Pelajaran Di Balik Berburu Sayur Pakis
Sabar Artiyono 16 Desember 2017Cerita ini saya persembahkan bahwa setiap anak adalah istimewa, apapun bakatnya.
Minggu itu, anak-anak sudah antusias menunggu saya untuk pergi ke Telaga Biru di belakang kampung (read: masuk hutan). Kali ini adalah ketiga kalinya piknik ke telaga. Akhirnya kami sepakat untuk berangkat jam tujuh pagi.
Jalanan tidak seperti biasa, banyak kerbau yang menghadang di jalan. Air parit yang biasanya setinggi mata kaki, kini menjadi sepinggang. Sayangnya, telaga yang biasanya berwarna biru/hijau, pagi itu berubah menjadi hijau kecokelatan. Semua itu dikarenakan hujan yang melanda desa selama berhari-hari.
Akan tetapi, kami tetap lahap menikmati mie instan goreng dengan nasi. Begitulah kebiasaan saya, selalu ada bekal dalam setiap perjalanan bersama anak-anak. Kami tetap bisa berenang di telaga yang super alami itu. Akan tetapi, yang beda adalah acara foto panjat pohon secara bergantian.
Setelah lelah berenang karena dinginnya air, kami pindah lokasi lagi ke Mopua, sebuah lahan maha luas yang rencananya akan dijadikan lahan peternakan sapi oleh mantan desa. Di sinilah saya melihat hamparan empang (kolam) yang begitu luas dengan angin sepoi-sepoi bercampur sengatan mentari.
Barulah mepakis (mencari sayur pakis). Lokasinya tidak jauh dari Telaga Biru dan Mopua. Akan tetapi lokasinya lebih ekstrem. Saya dipandu mereka agar tidak terkena duri dengan telanjang kaki. Anak-anak sangat jago dalam hal ini.
“Menyeberang ke sini Pak Guru, banyak pakisnya,” tutur Adit dan Aril. Perkataaan inilah yang membuat adrenalin saya naik. Untuk mencari sayur ini, harus masuk hutan. Lalu berenang menyeberangi sungai. Barulah memetik pakis di rawa-rawa, dengan kaki telanjang pula. Lewat pengalaman inilah saya merasakan bagaimana baju basah dan kering karena matahari meski menempel di badan. Wajar saja kami mendapatkan pakis satu baskom besar dari perburuan ini.
Saya melihat anak-anak santai. Bahkan mereka seperti orang dewasa yang memang berkewajiban mencari sayur pakis untuk keluarga. Tidak ada wajah was-was dari mereka. Luar biasa, apalagi Isra, satu-satunya anak perempuan yang juga ikut berenang dan masuk rawa-rawa.

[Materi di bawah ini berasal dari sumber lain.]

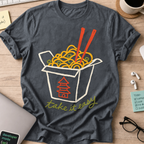 Take It Easy Shirt - Dark Heather mockup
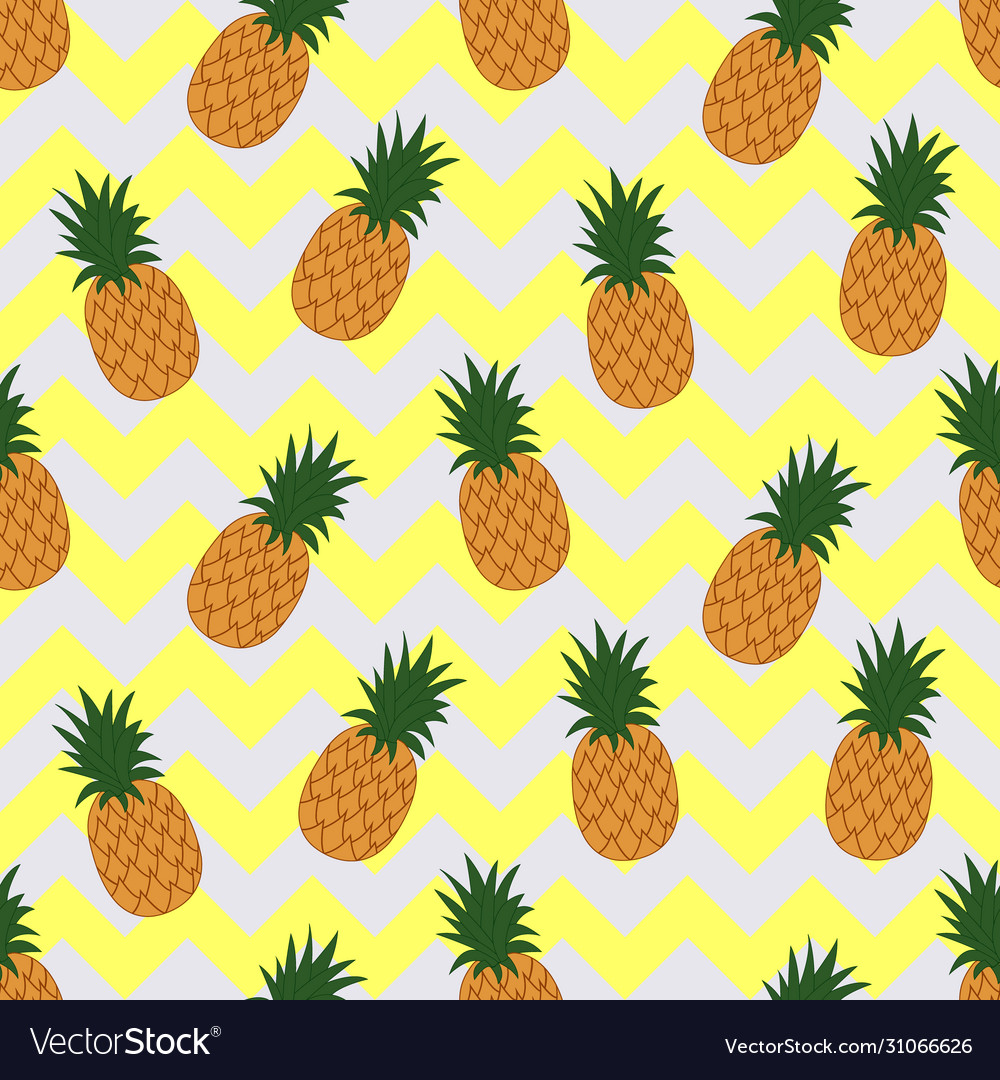 Seamless pattern with pineapples Vector Image Seamless pattern with pineapples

Meskipun saya bisa berenang, tetapi untuk berenang di sungai yang berarus adalah tantangan bagi saya. Pernah saya ditarik mereka dengan dahan pohon karena terhantam arus. Apalagi soal rawa-rawa, kaki saya sering jinjit untuk memastikan tidak ada binatang yang aneh-aneh. Alhamdulilah selamat karena panduan dari anak-anak.
“Kemanapun pergi di kampung ini, saya bagaikan turis, dan anak-anak adalah guidenya,” batin saya setelah sampai rumah.
“Wah Pak Guru ini sudah kemana-mana ya, saya yang orang kampung belum pernah ke situ,” komentar inilah yang sering saya dapatkan setelah jalan seharian dengan anak-anak.
Mereka dibesarkan oleh alam setiap harinya. Sementara saya dibesarkan oleh media, hanya bisa melihat dan membayangkan. Mereka mengalami secara nyata, saya hanya melalui imajinasi. Itulah mengapa mereka kenal dengan pasti apa itu bahaya ketika berhadapan dengan alam. Sementara ‘bahaya’ dalam otak saya adalah sebuah prediksi dan ketakutan yang banyak tidak nyata (apalagi kasus rawa-rawa). Itulah pelajaran yang begitu membekas dalam hati saya.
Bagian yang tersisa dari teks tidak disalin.